Can't Get Enough? Drink Up These NC Wine Facts

Our state has such a diverse landscape of grapes and wines. In addition to the actual wineries and vineyards, there are also five distinct, nationally recognized American Viticultural Areas (AVAs) in North Carolina: Yadkin Valley, Swan Creek, Haw River Valley, Upper Hiwassee Highland which we share with northern Georgia and most recently, Appalachian High Country which we share with Tennessee and Virginia. Here’s a run through of North Carolina’s relationship with wine.

  • Biltmore Estate Winery is the most visited estate winery in the U.S. at more than one million visitors.
  • North Carolina currently ranks ninth in grape production and tenth in wine production in the U.S.

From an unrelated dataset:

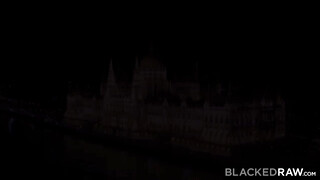 BlackedRaw - Angelika Grays és Lika Star édeshármasban szeretkeznek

  • Duplin Winery is the world’s largest producer of Muscadine wine.
  • North Carolina has the only estate-grown vineyard on a community college campus in the nation at Surry Community College.

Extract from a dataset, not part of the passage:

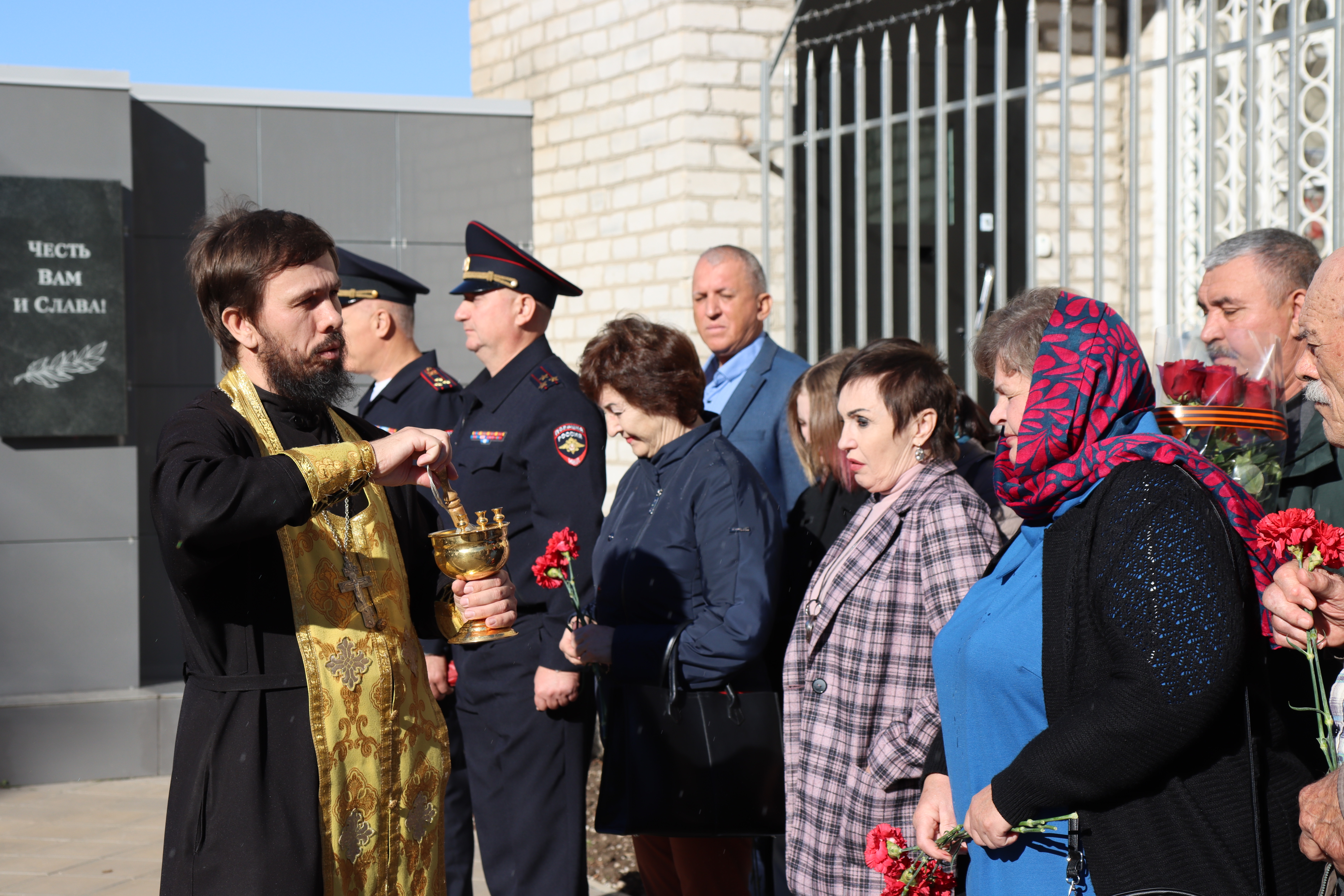 В станице Каневской открыли доску памяти погибшим сотрудникам ОВД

  • At the turn of the 20th century, 25 wineries were operating in North Carolina, making it one of the nation’s most productive wine states. In 1919, Prohibition ended that era.
  • The official fruit of North Carolina is the Scuppernong grape.
  • North Carolina’s first commercial winery was founded in 1835.
  • In 1584, the oldest living grapevine in the nation, known as the Mother Vine, was discovered on Roanoke Island.